On Tue, 9 Aug 2022, Zhang, Tianfei wrote:

>
>
>> -----Original Message-----
>> From: matthew.gerlach@linux.intel.com <matthew.gerlach@linux.intel.com>
>> Sent: Tuesday, August 9, 2022 7:39 AM
>> To: Xu, Yilun <yilun.xu@intel.com>
>> Cc: Zhang, Tianfei <tianfei.zhang@intel.com>; mdf@kernel.org; linux-
>> fpga@vger.kernel.org; lee.jones@linaro.org; Weight, Russell H
>> <russell.h.weight@intel.com>; Wu, Hao <hao.wu@intel.com>; trix@redhat.com
>> Subject: Re: [PATCH v3 1/2] fpga: m10bmc-sec: add sysfs to reload FPGA/BMC
>> images
>>
>>
>>
>> On Mon, 8 Aug 2022, Xu Yilun wrote:
>>
>>> On 2022-08-08 at 01:33:16 -0400, Tianfei Zhang wrote:
>>>> From: Russ Weight <russell.h.weight@intel.com>
>>>>
>>>> Add the available_images and image_load sysfs files. The
>>>> available_images file returns a space separated list of key words
>>>> that may be written into the image_load file. These keywords describe
>>>> an FPGA, BMC, or firmware image in FLASH or EEPROM storage that may be
>> loaded.
>>>>
>>>> The image_load sysfs file may be written with a key word to trigger a
>>>> reload of an FPGA, BMC, or firmware image from FLASH or EEPROM.
>>>>
>>>> Signed-off-by: Russ Weight <russell.h.weight@intel.com>
>>>> Signed-off-by: Tianfei Zhang <tianfei.zhang@intel.com>
>>>> ---
>>>> v3:
>>>> uses regmap_update_bits() API instead of m10bmc_sys_update_bits().
>>>> v2:
>>>> adds the steps for how to use the "image_load" sysfs file.
>>>> ---
>>>>  .../sysfs-driver-intel-m10-bmc-sec-update     |  34 ++++++
>>>>  drivers/fpga/intel-m10-bmc-sec-update.c       | 105 ++++++++++++++++++
>>>>  2 files changed, 139 insertions(+)
>>>>
>>>> diff --git
>>>> a/Documentation/ABI/testing/sysfs-driver-intel-m10-bmc-sec-update
>>>> b/Documentation/ABI/testing/sysfs-driver-intel-m10-bmc-sec-update
>>>> index 0a41afe0ab4c..3d8f04ca6f1b 100644
>>>> --- a/Documentation/ABI/testing/sysfs-driver-intel-m10-bmc-sec-update
>>>> +++ b/Documentation/ABI/testing/sysfs-driver-intel-m10-bmc-sec-update
>>>> @@ -59,3 +59,37 @@ Contact:	Russ Weight <russell.h.weight@intel.com>
>>>>  Description:	Read only. Returns number of times the secure update
>>>>  		staging area has been flashed.
>>>>  		Format: "%u".
>>>> +
>>>> +What:		/sys/bus/platform/drivers/intel-m10bmc-sec-
>> update/.../control/available_images
>>>> +Date:		July 2022
>>>> +KernelVersion:  5.20
>>>> +Contact:	Russ Weight <russell.h.weight@intel.com>
>>>> +Description:	Read-only. This file returns a space separated list of
>>>> +		key words that may be written into the image_load file
>>>> +		described below. These keywords decribe an FPGA, BMC,
>>>> +		or firmware image in FLASH or EEPROM storage that may
>>>> +		be loaded.
>>>> +
>>>> +What:		/sys/bus/platform/drivers/intel-m10bmc-sec-
>> update/.../control/image_load
>>>> +Date:		July 2022
>>>> +KernelVersion:  5.20
>>>> +Contact:	Russ Weight <russell.h.weight@intel.com>
>>>> +Description:	Write-only. A key word may be written to this file to
>>>> +		trigger a reload of an FPGA, BMC, or firmware image from
>>>> +		FLASH or EEPROM. Refer to the available_images file for a
>>>> +		list of supported key words for the underlying device.

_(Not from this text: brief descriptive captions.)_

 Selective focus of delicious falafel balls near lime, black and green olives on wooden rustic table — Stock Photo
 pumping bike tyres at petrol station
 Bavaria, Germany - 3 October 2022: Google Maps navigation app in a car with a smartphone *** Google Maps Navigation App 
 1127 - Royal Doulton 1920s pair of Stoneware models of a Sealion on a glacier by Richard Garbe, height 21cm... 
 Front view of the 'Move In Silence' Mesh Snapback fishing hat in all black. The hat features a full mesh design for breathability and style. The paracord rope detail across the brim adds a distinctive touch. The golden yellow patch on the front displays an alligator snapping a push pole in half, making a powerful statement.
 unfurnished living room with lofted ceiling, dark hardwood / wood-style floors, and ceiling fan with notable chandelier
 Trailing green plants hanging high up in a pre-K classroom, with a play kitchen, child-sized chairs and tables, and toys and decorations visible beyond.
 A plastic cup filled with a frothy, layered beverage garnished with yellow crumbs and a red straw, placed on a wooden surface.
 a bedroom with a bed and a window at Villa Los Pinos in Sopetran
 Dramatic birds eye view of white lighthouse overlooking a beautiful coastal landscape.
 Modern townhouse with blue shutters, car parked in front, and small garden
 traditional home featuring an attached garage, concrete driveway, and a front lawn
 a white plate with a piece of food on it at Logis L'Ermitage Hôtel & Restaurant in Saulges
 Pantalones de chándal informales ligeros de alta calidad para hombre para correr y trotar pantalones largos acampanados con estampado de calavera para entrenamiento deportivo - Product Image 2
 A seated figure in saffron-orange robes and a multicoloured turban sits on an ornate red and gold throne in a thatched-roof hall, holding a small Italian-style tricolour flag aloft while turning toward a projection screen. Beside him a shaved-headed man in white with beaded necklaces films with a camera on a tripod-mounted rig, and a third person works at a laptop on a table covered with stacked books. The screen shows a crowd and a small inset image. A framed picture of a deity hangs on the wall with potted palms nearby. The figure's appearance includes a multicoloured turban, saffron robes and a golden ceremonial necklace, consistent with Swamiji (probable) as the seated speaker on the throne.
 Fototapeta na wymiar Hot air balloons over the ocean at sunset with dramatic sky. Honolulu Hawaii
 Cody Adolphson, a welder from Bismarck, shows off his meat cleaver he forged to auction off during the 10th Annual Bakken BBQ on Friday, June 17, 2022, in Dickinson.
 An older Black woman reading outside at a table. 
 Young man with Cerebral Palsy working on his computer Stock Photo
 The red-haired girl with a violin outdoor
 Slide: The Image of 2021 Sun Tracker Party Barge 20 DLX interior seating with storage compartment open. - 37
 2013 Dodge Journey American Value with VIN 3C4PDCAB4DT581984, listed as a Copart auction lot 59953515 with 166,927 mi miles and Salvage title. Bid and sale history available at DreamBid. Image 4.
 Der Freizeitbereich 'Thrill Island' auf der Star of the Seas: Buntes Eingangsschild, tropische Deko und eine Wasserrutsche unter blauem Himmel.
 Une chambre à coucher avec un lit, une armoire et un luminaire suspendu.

>>>> +		Writing an unsupported string to this file will result in
>>>> +		EINVAL being returned.
>>>> +		It should remove all of resources related to the old FPGA/BMC
>>>> +		image before trigger the image reload otherwise the host system
>>>> +		may crash. We recommended that follow the below steps or
>> directly
>>>
>>> I suggest we solve this concern first before other detailed refinements.
>
> I have run the stress test on N3000 and N6000 card by only directly write string to " image_load"  sysfs file,
> and observed  that there are no Host System crash occurred, but the BMC functionality failed, I think this is
> the expected behavior  that is why we strongly recommended that end-user use our RSU script or follow our
> provided steps.
>
>>>
>>> My opinion is, don't make the sysfs interface dependent of other user
>>> interfaces, like the following:
>>>
>>>> +		use the OPAE RSU script to perform the reload for FPGA/BMC
>> image.
>>>> +		Here is the steps to trigger the reload for FPGA/BMC image:
>>>> +		1. disable the AER of the FPGA card.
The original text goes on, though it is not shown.